I find my row and stop. Window. Someone is already in the aisle seat. He looks up.
The reaction is instant and physical, like my body recognizes something before my brain can argue with it. A drop low in my stomach. A tightening behind my ribs. The urge to step back and apologize for existing in his space.
Late forties. Maybe older. Dark suit that fits him the way authority fits certain men. Effortless, unadvertised. No tie. Collar open just enough to signal control, not carelessness. Silver threaded through his hair at the temples, like time has touched him but never pushed.

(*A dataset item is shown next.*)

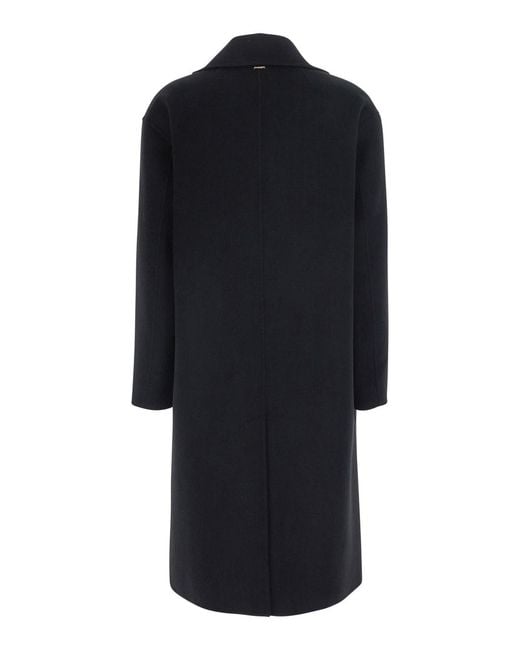 Twinset Black Coat With Notched Collar Polyester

His eyes move fast. Face. Wrist. Jaw. Each glance is precise. Assessing. His jaw tightens, almost imperceptibly, like he’s registered something he doesn’t approve of and chosen silence instead of comment.
That tiny reaction lands in me like a warning bell. My pulse jumps. Heat rushes up my spine. My shoulders draw in without permission, muscles already bracing for impact that hasn’t come.
My body knows this type of man.
The kind of man you don’t interrupt.
The kind of man you don’t accidentally challenge.
His hands rest on the armrests, loose but ready, like they’d move fast if they needed to.
The knuckles are scarred. Not the fresh, angry kind.
Old damage. Healed wrong. Split skin that learned how to close again.
My eyes snag on them before I can stop myself, cataloging the story my brain insists on telling.
Fights that weren’t chaotic, violence that was deliberate.
He doesn’t fidget. Doesn’t shift or sprawl or crowd the space.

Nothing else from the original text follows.